On dit que le pharmacien vaccine.
C’est vrai.
Mais ce n’est plus l’essentiel.
L’essentiel se passe avant.
Quand le patient arrive.
Quand il hésite.
Quand il dit : “Je ne suis pas contre… mais je ne suis pas sûr.”
À ce moment-là, il ne vous demande pas un geste.
Il vous demande une décision.
Pas de décider à sa place.
Mais de l’aider à décider.
Et ça, c’est nouveau.
Avant, la vaccination était une évidence.

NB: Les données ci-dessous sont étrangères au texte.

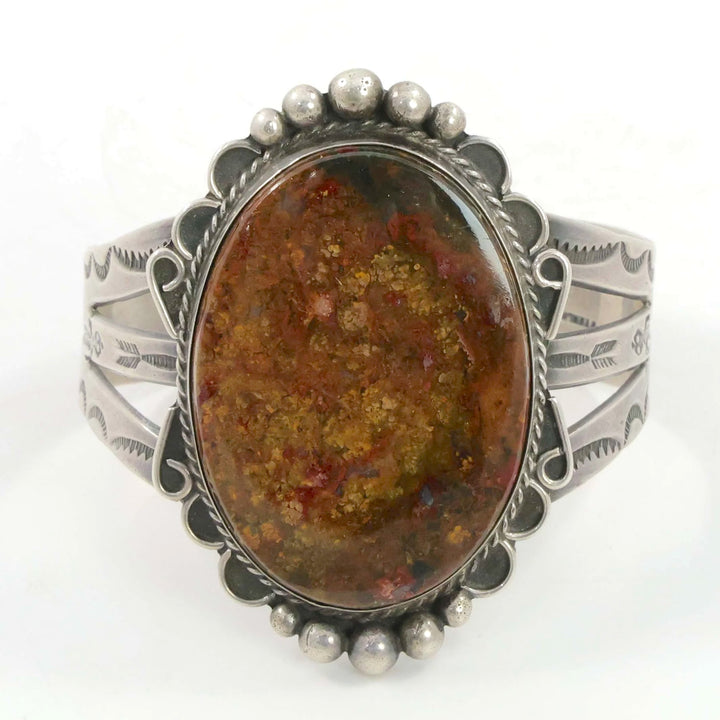 1940s Red Jasper Cuff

Aujourd’hui, c’est une question.
Et entre la question et la réponse…
il y a vous.
Vous expliquez.
Vous replacez.
Vous rassurez sans simplifier.
Vous transformez une recommandation… en choix.
Ce n’est pas technique.
C’est relationnel.
Et c’est pour ça que c’est exigeant.
Parce que convaincre, ce n’est pas imposer.
Et ne pas imposer, ce n’est pas renoncer.
C’est tenir une ligne.
Une ligne entre la science… et le doute.
Alors oui, vous vaccinez.
Mais surtout,
vous permettez que ça ait lieu.
Et dans un système où plus rien ne s’impose,
c’est ça, aujourd’hui,
le vrai pouvoir.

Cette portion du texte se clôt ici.